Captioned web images

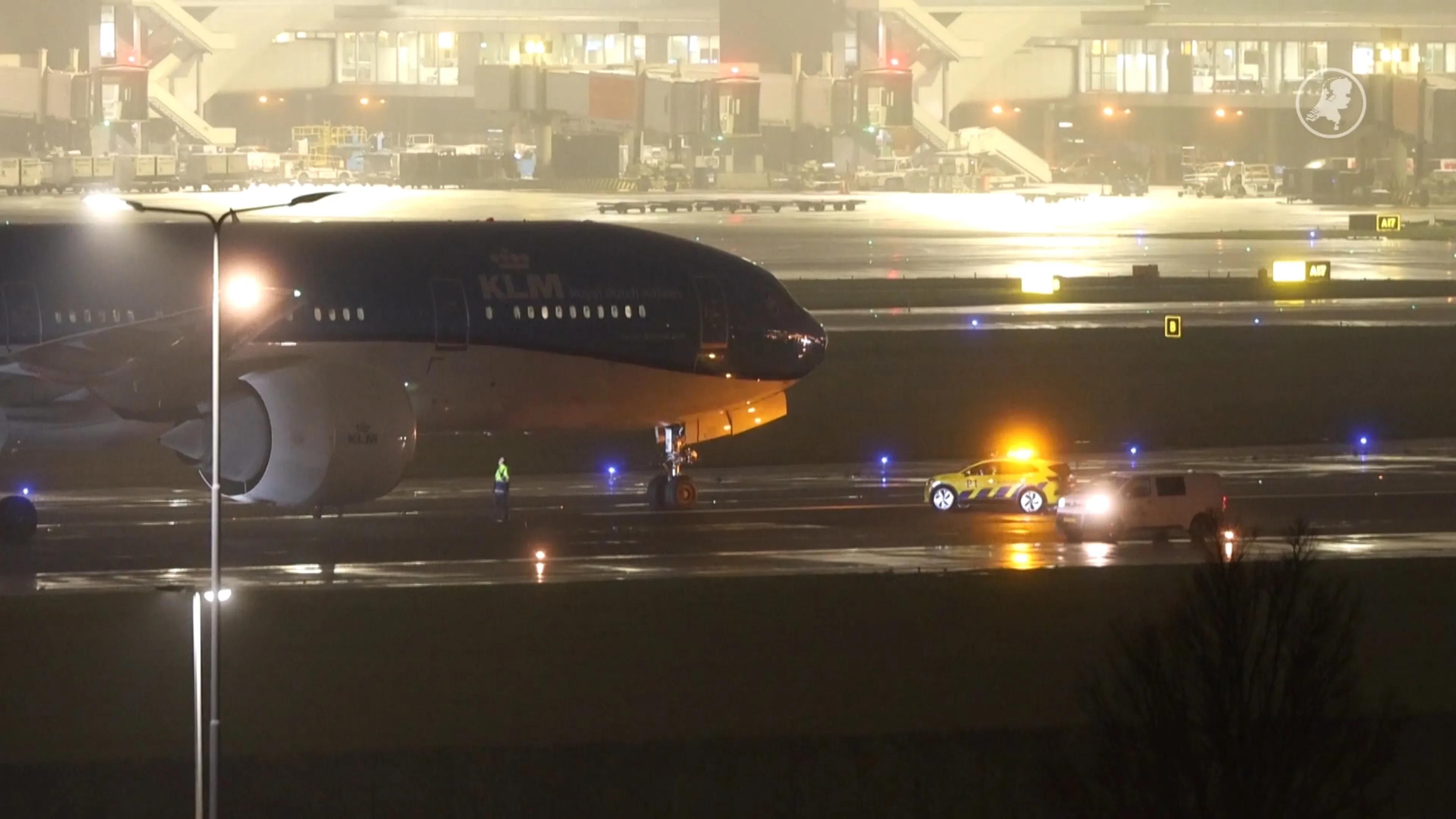 Twee KLM-vliegtuigen teruggekeerd naar Schiphol vanwege technische problemen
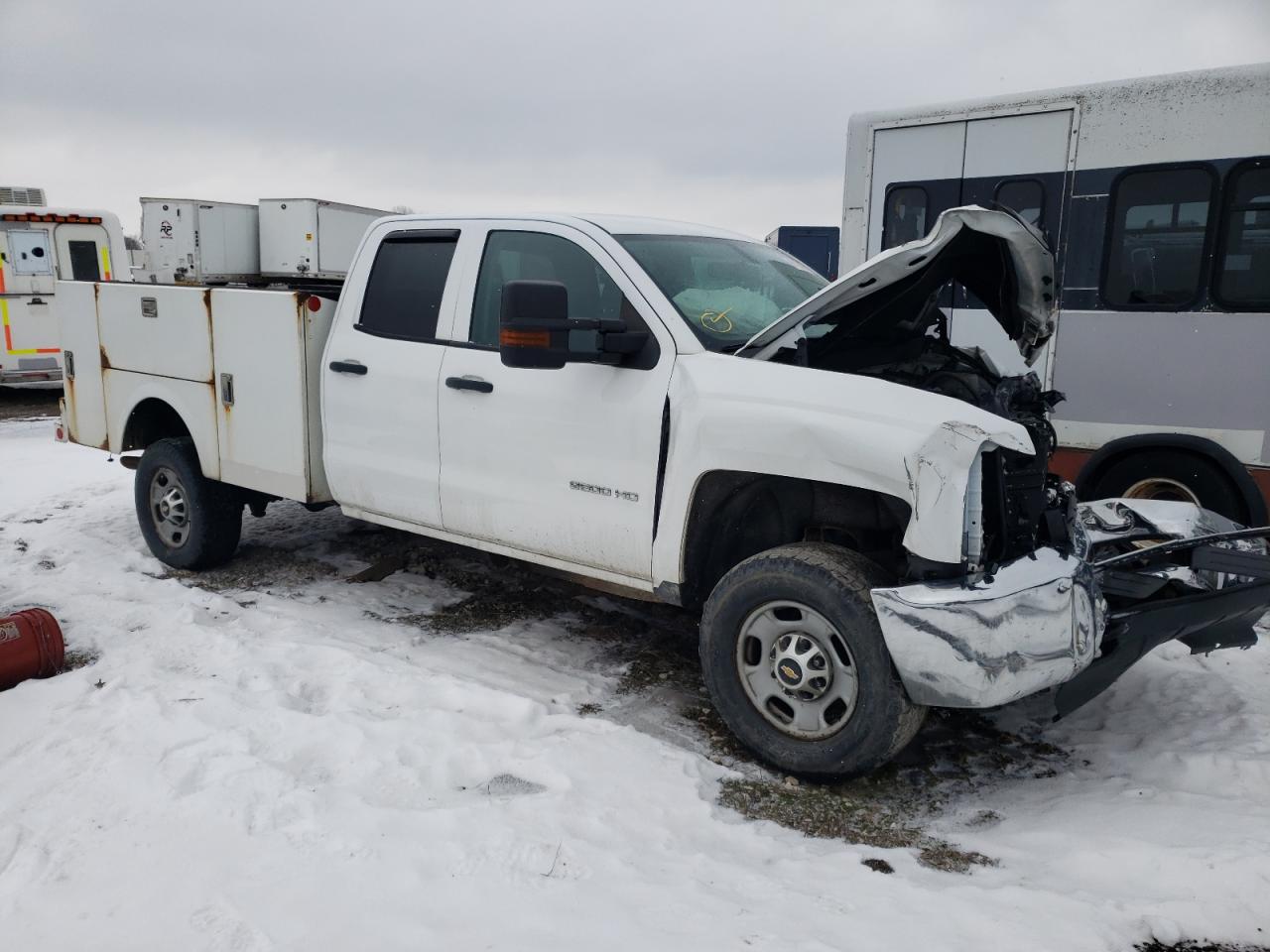 2015 Chevrolet Silverado VIN 1GC2KUEG3FZ520598 Copart auction photo, front end / minor dent/scratches damage thumbnail 4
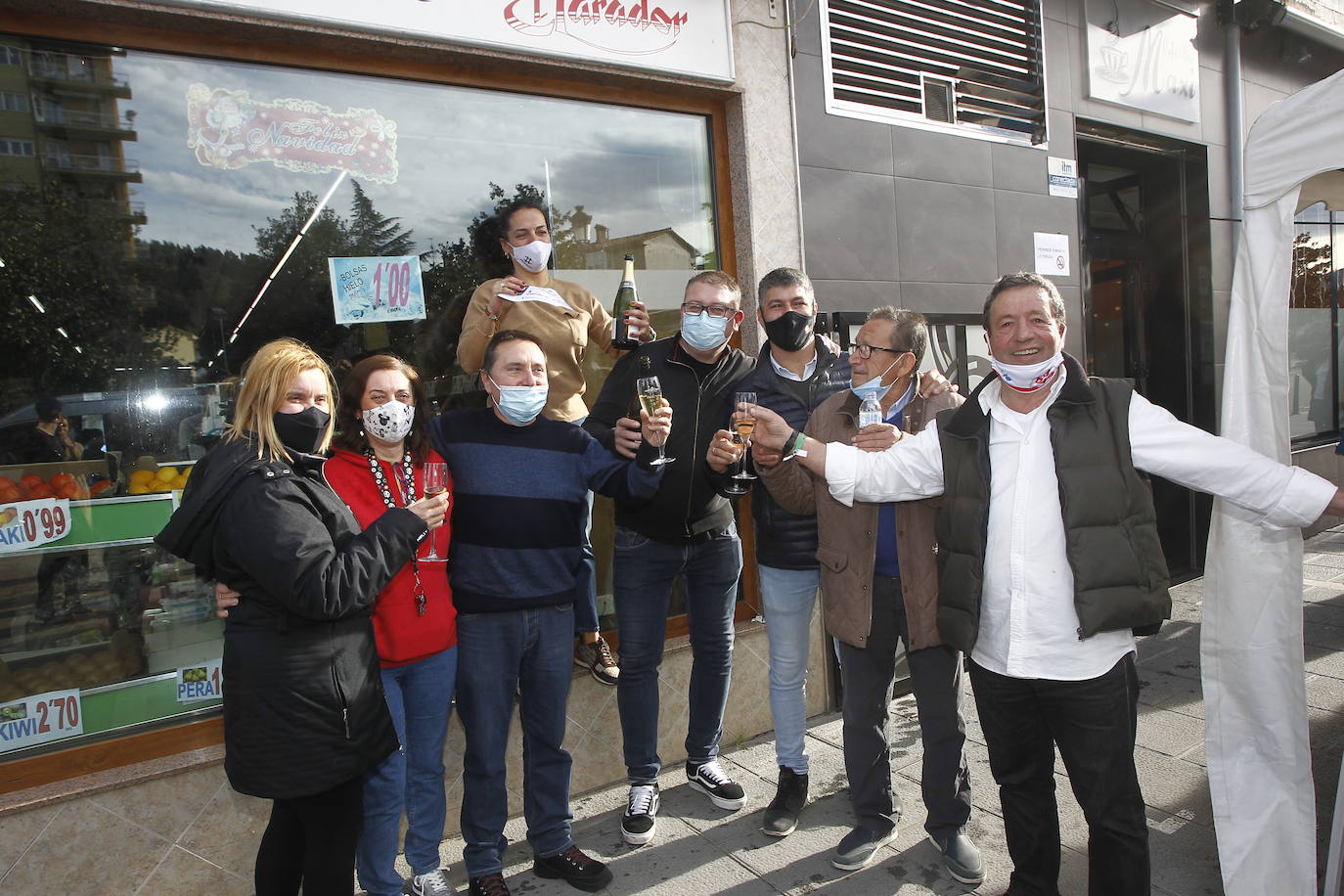 Fotos: El Gordo deja de rebote dos millones en Torrelavega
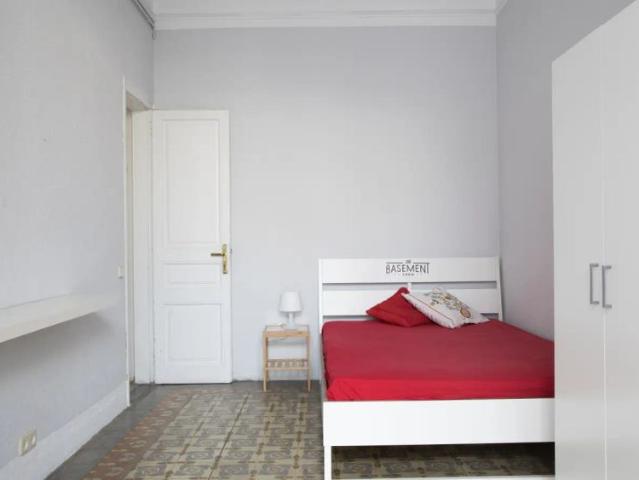 Room in shared apartment in Barcelona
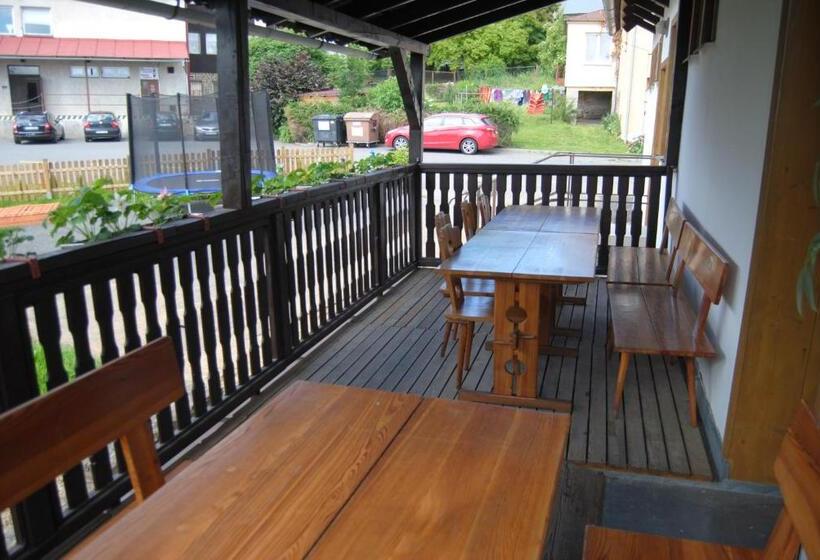 חדר סטנדרט לארבעה, Penzion Pod Hamižnou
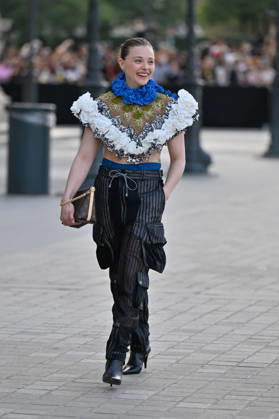 PFW Louis Vuitton Outside Arrivals Chloe Grace Moretz arriving at Louis Vuitton show during Paris Fashion Week, in Paris, France on 6 October 2026. Photo by Julien Reynaud APS-Medias ABACAPRESS.COM Paris France  Copyright: xReynaudxJulien APS-Medias ABACAx
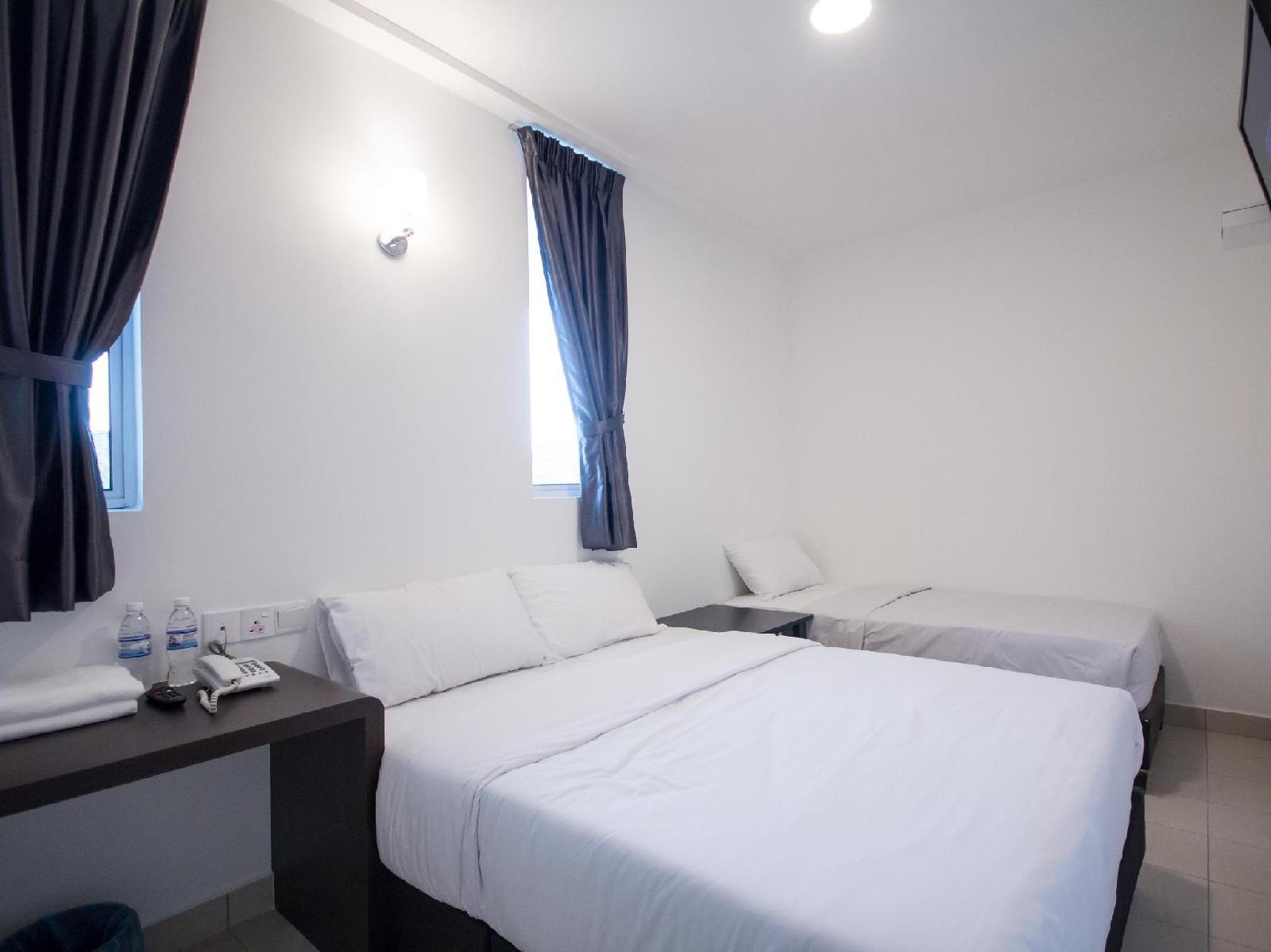 D'Nice Hotel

- What you are asked to do -
Word-for-word restatement: every line from the one with "Room in shared apartment in Barcelona" through the final line of the data, both ends included, pictures excluded.

- Result for this task -
 Room in shared apartment in Barcelona
 חדר סטנדרט לארבעה, Penzion Pod Hamižnou
 PFW Louis Vuitton Outside Arrivals Chloe Grace Moretz arriving at Louis Vuitton show during Paris Fashion Week, in Paris, France on 6 October 2026. Photo by Julien Reynaud APS-Medias ABACAPRESS.COM Paris France  Copyright: xReynaudxJulien APS-Medias ABACAx
 D'Nice Hotel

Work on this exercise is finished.